The crowd cheered and yelled, so Olympia pretended to take it in good humor. She signaled to someone behind the bar to turn up the houselights.

“We never know what the Body Artist will produce for us when she appears, but we all know by now it will be entertainment we won’t see anywhere else in Chicago. We here at Club Gouge respect art and artists, and we’re contributing tonight’s profits to a scholarship that Columbia College has set up in Nadia Guaman’s honor.”

The images of death and innocence disappeared from the plasma screens on the stage. They were replaced by blue-and-white shadowy dancers, as a hot beat began pounding through the speakers. As always, the end of the Artist’s performance signaled a frenzy of drinking. For ten minutes or so, the waitstaff were moving like crazed ballerinas from table to bar to table. Several couples hopped on the stage and began to dance. Olympia quickly directed her staff to move the paints and webcams out of the way. Whatever kept the customers happy…

I scanned the room, hoping to spot some of Chad’s buddies in the mob. As far as I could tell, none of them had come. Rodney was still at his solitary table, working on what looked like his seventh beer. Although the room was so crowded that thirty or forty people were standing along the perimeter or even on the stage looking for seats, Rodney’s sullenness created a force field that no one wanted to cross.

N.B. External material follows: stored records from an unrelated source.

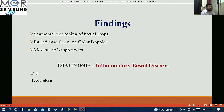So my findings are segmental thickening of bowel loops, raised vascularity on color Doppler, and mesenteric lymph nodes. Based on these findings my diagnosis was inflammatory bowel disease. Its closest differential is tuberculosis.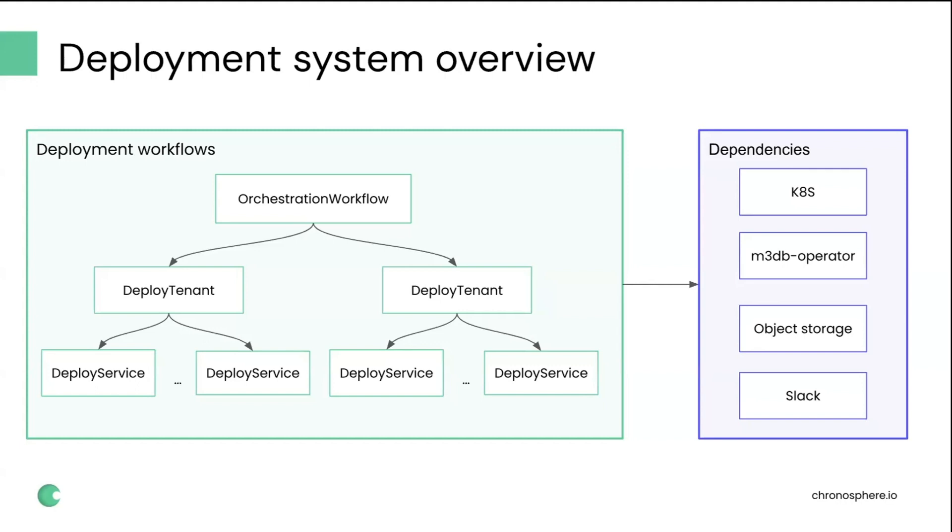The tenant workflow basically kicks off underlying deploy service workflows and performs additional monitoring, figuring out if the deployment is going as expected or did something bad happen and we need to notify the user or rollback automatically. All of these workflows interact through additional external dependencies, such as Kubernetes and M3DB operator, object storage, Slack, and a lot of others.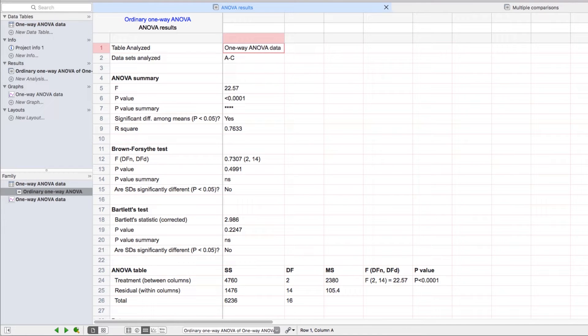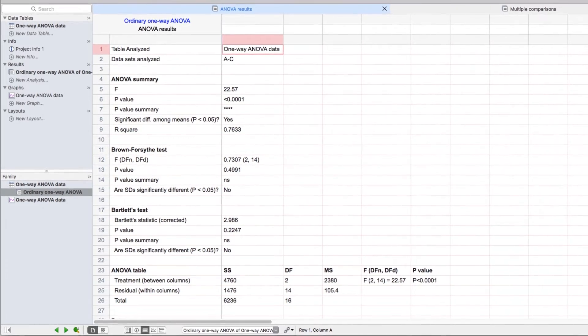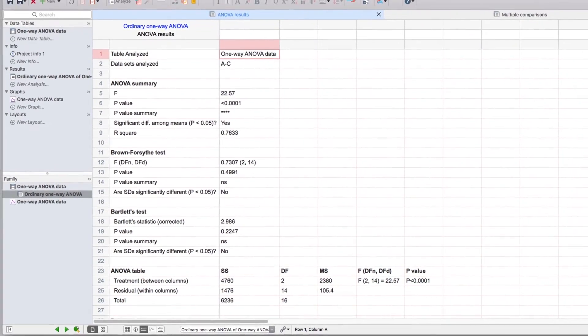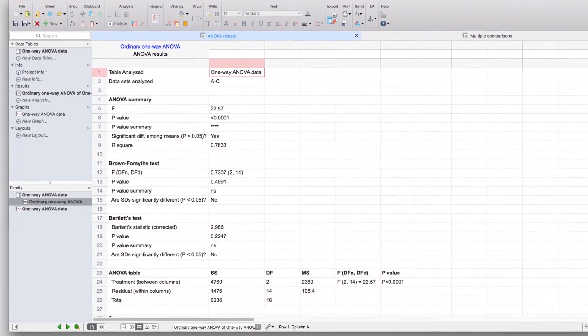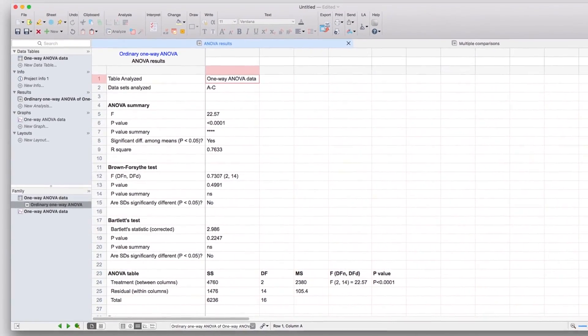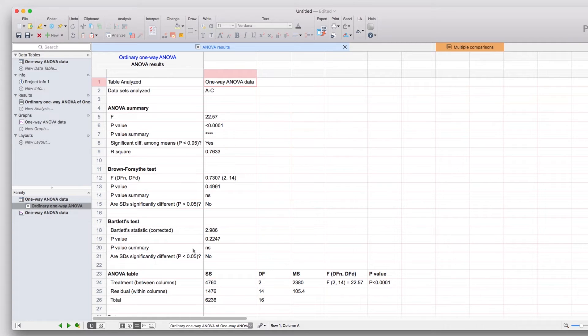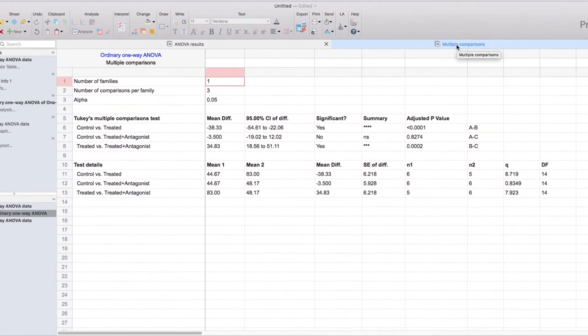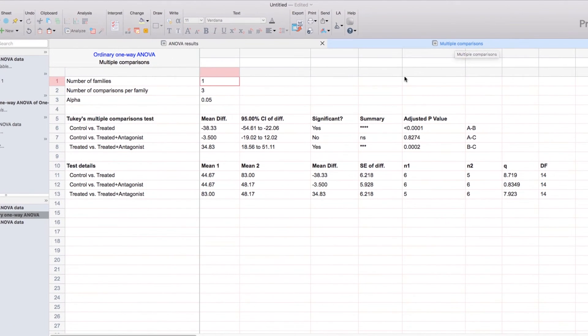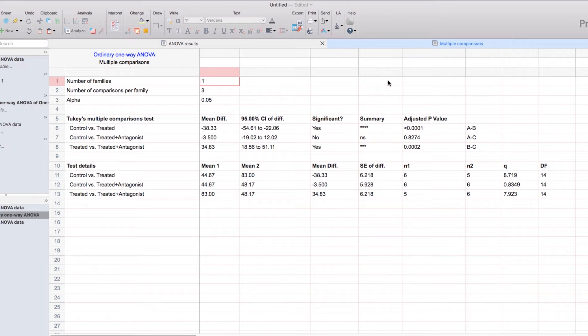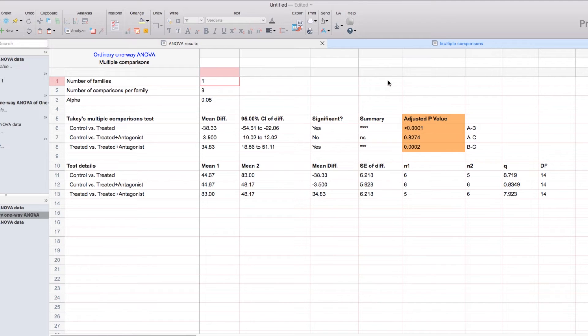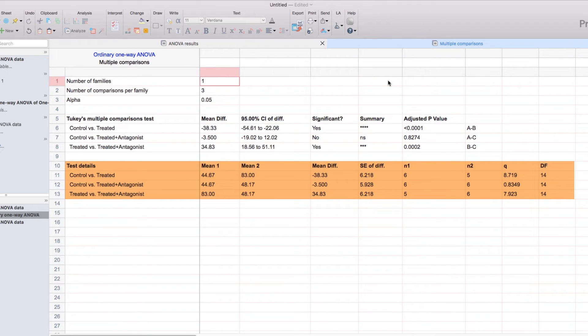However, this sheet doesn't provide the information on the multiple comparisons that we identified in the analysis parameters dialog. Those results are found on a separate sheet. Each analysis that generates more than one sheet of results will display those results as a separate tab. Here you can see the tab for multiple comparisons can be found next to the sheet for ANOVA results. When we click on the multiple comparisons tab, we'll be shown the results of the comparisons between specific pairs of groups that we identified in the parameters dialog, including the difference between their averages, the 95% confidence interval of that difference, the calculated p-value for the difference, as well as the summary of significance. In addition, we'll have the test details that indicate the average of each group, as well as the sample size for each specific group.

Beyond him was a table of men who looked incongruous in this club setting-four men in their forties, in well-cut business suits. As I stared, I realized one of them looked vaguely familiar. And he was watching me in turn. Of course: Prince Rainier Cowles, the lawyer who’d been at Nadia’s funeral-had it been this afternoon? It felt like a hundred years had passed. I squirmed through the bodies around me to his side.

“Mr. Cowles! V. I. Warshawski. We met at Nadia Guaman’s funeral this afternoon.”

His brows contracted. “What are you doing here?”